Low-wage workers, some of them here illegally, toiling away in the shadows for bosses who may pay them a less-than-legal wage under the table, and who dodge paying the taxes on those wages. Right?
But now the headlines are about the other end of the underground economy, which isn’t hiding anywhere but flaunting itself. Big money is changing hands, and it seems that none of it going to pay the taxes and fees that it should.
Ride-sharing, room-sharing -- how about responsibility-sharing?
A California state senator, a Sonoma County Democrat, wants to give cities the authority to collect taxes from people who rent private rooms and even houses through online services like Airbnb. A fellow state senator, a Compton Democrat, wants full disclosure requirements for online house-sharing firms, including any fine-print leases banning such subletting.

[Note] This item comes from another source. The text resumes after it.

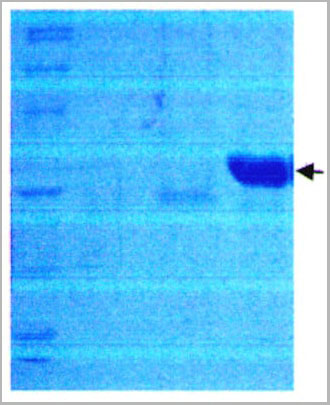 product-image-AAA14633_SDS_PAGE.jpg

And across California, nearly a score of taxi companies are suing ride-sharing company Uber over competition and safety questions. Prosecutors in L.A. and San Francisco have already gone after Uber on consumer-protection grounds.

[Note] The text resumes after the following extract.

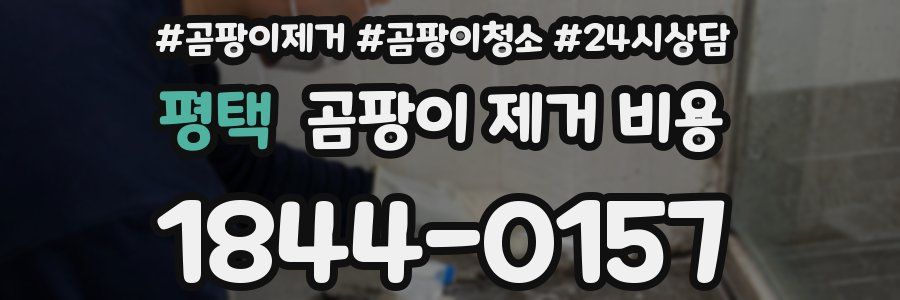 평택 곰팡이 제거 비용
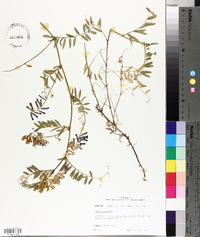 Vicia cracca image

I am all for a sharing economy. It’s innovative, exciting, nimble and responsive. And because it is the economy of the future, all the more reason to start putting in some regulatory scaffolding for it now. A sharing economy also means paying its fair share, too.
Two issues underlie this. The first is unfair competition, like the wrangling that L.A. did over food carts that operate without without health permits and inspections and licenses and taxes, undercutting the brick-and-mortar restaurants that do.
Taxis in L.A. do not have the best PR profile. I once joked, sort of, that the one place you’re be sure to find a cab in L.A. is circling City Hall during a periodic protest over regulations. The taxi biz hasn’t adapted very adroitly to Angelenos’ new preferences for getting around. Taxis are not as cheap or as fast as ride-sharing services, but at least they don’t do up-pricing during high-demand times.
As for room- and house-sharing services such as Airbnb – caveat emptor? Bedbugs or slippery showers? Online reviewers warn about outright frauds and scams, while other users are thrilled with price and flexibility. It’s all so profitable that in the Bay Area, landlords are opting for short-term house and room rentals rather than renting or leasing to long-term tenants, and whacking a housing market that’s already infinitesimally limited and enormously expensive.
The second issue: When these online services become freeloaders by not paying taxes, they take advantage of residents and businesses whose taxes pay for the things that make Uber and Airbnb and their ilk succeed in the first place -- decent roads, police-patrolled streets, reliable water and sewer services, even public utilities.
The old, low end of the underground economy already costs taxpayers tens of millions of dollars a year. The new, high end shouldn’t be able to do the same.
And official California shouldn’t let the “sharing economy” become the “scofflaw economy.”